5 big questions entering NHL season
Every new NHL season brings numerous question marks, and there are more than usual heading into 2021-22.
The league returns to an 82-game schedule after each team played 26 fewer contests in 2021, and after the 2019-20 regular season was cut short before those playoffs took place in bubbles.
Additionally, the Seattle Kraken embark on their inaugural campaign. Many wondered whether they'd take the NHL by storm as the Golden Knights did in 2017-18, but that appears unlikely with opposing organizations better prepared for the 2021 expansion draft and that now-perennially elite Vegas team in the same division.
Here are five significant questions as the upcoming campaign draws near:
Can the Lightning pull off a 3-peat?
The Tampa Bay Lightning accomplished an impressive feat with their second consecutive Stanley Cup championship in July, but it's not going to be easy to win a third straight. The last time an NHL team won the Cup three times in a row was nearly four decades ago when the New York Islanders prevailed in four straight years from 1980 to 1983.

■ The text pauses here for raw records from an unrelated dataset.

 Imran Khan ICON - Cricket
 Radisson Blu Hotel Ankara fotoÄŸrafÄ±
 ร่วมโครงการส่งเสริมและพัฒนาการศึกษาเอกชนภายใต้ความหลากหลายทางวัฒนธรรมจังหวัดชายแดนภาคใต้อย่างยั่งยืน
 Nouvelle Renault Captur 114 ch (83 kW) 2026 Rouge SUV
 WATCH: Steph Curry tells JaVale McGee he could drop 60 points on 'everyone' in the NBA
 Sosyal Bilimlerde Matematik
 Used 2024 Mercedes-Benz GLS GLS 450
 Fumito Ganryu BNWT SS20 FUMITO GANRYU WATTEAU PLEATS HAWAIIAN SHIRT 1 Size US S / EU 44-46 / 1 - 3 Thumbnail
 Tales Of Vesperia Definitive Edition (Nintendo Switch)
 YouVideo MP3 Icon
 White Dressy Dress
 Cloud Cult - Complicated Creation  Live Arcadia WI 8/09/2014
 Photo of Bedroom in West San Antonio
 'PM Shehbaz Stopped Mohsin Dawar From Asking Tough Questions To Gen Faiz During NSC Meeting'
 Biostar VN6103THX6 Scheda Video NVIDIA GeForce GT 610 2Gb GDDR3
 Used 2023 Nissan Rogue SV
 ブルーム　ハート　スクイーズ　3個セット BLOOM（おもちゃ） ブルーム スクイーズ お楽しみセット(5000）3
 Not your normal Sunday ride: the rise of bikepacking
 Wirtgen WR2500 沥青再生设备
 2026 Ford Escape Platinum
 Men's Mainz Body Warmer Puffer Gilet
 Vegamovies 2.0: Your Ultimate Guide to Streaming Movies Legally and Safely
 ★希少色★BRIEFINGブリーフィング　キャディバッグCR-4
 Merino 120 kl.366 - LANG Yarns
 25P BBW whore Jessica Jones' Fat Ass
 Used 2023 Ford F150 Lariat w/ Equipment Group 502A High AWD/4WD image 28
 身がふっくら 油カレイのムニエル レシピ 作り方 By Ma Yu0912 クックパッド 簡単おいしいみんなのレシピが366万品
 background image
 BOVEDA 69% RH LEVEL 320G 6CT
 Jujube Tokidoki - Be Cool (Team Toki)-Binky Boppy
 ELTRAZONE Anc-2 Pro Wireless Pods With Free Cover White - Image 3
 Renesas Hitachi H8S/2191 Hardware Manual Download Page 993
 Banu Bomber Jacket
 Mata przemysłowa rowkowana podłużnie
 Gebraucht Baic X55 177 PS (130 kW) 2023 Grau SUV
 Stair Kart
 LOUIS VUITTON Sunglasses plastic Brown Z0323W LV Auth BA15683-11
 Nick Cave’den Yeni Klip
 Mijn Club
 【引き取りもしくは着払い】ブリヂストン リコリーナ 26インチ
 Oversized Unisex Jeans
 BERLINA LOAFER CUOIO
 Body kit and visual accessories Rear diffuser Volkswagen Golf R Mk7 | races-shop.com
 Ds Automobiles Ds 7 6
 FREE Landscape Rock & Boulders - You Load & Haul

It's also much harder to do it in the salary cap era. The Lightning lost Blake Coleman, Yanni Gourde, David Savard, and Tyler Johnson this offseason, and they added Corey Perry, Pierre-Edouard Bellemare, and Zach Bogosian, among others.
However, if any team can do it, it's this powerhouse Tampa Bay squad. Nikita Kucherov, Victor Hedman, Andrei Vasilevskiy, Brayden Point, and Steven Stamkos lead a dominant core full of all-world talent that remains intact, and the club's depth is still solid enough to ensure another Cup run.
How will the Eichel saga end?
It seemed the Sabres would move Eichel during the offseason, but that didn't come to fruition, presumably because other teams felt Buffalo's asking price was too high considering the risks. The internal rift between the center's camp and the club over the type of surgery he ultimately undergoes is further complicating a resolution, as well.
The Sabres stripped Eichel of his captaincy after he failed his physical at training camp, and the soon-to-be 25-year-old is now on injured reserve. That doesn't mean he'll never play for Buffalo again, but it's hard to imagine the 2015 second overall pick remaining with the team long term. However, he'll need to demonstrate he's healthy before another organization parts with assets to land him, and there's no telling when or if that'll happen, so this situation may not be settled for a while.
What will McDavid do for an encore?
Connor McDavid's 2021 season was one for the ages, so what does he have in store for the upcoming campaign? The Edmonton Oilers superstar racked up an unbelievable league-best 105 points while playing in all 56 games. His 72 assists were 19 more than the next-closest player's - his teammate, Leon Draisaitl - and his point total topped Draisaitl's for first by 21.
McDavid became only the second player ever - the other being Wayne Gretzky in 1981-82 - to win the Hart Trophy unanimously. And he may match, or even exceed, that performance if offseason signing Zach Hyman's puck-retrieval skills give McDavid more opportunities than he's had previously.
The Edmonton captain is already entering his seventh season, but he's still only 24 years old. The fact that McDavid has already achieved so much personal success and hasn't even entered his prime yet is a scary thought for opponents and their fans, but it's exciting for the game as a whole.
Can the Maple Leafs finally win a playoff round?
The Toronto Maple Leafs' repeated playoff failures have become a source of amusement for opposing fans, especially considering how much the club pays its top four forwards. But the team's postseason struggles are no laughing matter in Toronto, where the pressure to win is among the highest of any market.
The Maple Leafs have failed to make it out of the first round in four of the last five years and didn't even reach that stage in the other, losing in the qualifying round in 2020. They had an easier road last season thanks to the NHL's temporary divisional realignment, but the Montreal Canadiens rallied to eliminate them in seven games. Toronto's offseason was underwhelming, and now the Maple Leafs are back in the loaded Atlantic Division with the two-time defending Stanley Cup champions, among other perennially competitive adversaries.
Toronto is clearly a talented team and has been for a handful of years, but it needs to end its string of premature exits to avoid a potential major shakeup. The Maple Leafs certainly can win a first-round series in 2021-22 to silence the criticism, but the subject will loom over them until the day they do it.
How will COVID-19 affect the NHL over a full season?
The NHL is bringing back the usual schedule, but COVID-19 is still prevalent in many parts of North America. So how will the league handle a complete regular-season slate amid those conditions?
Very few NHL personnel tested positive to begin the last campaign, but numerous players, coaches, and executives contracted the virus as 2021 progressed, even with an increased vaccination rate toward season's end. More importantly, many arenas relaxed capacity restrictions despite the continuing spread.
Nearly all NHL players are vaccinated heading into this season, which is definitely encouraging. The league's new COVID-19 protocols also appear prudent, as they limit what unvaccinated players can do while allowing teams to discipline them. But even with most personnel fully vaccinated in 2021-22, it could still be a challenge to keep team members and fans safe over an eight-month season.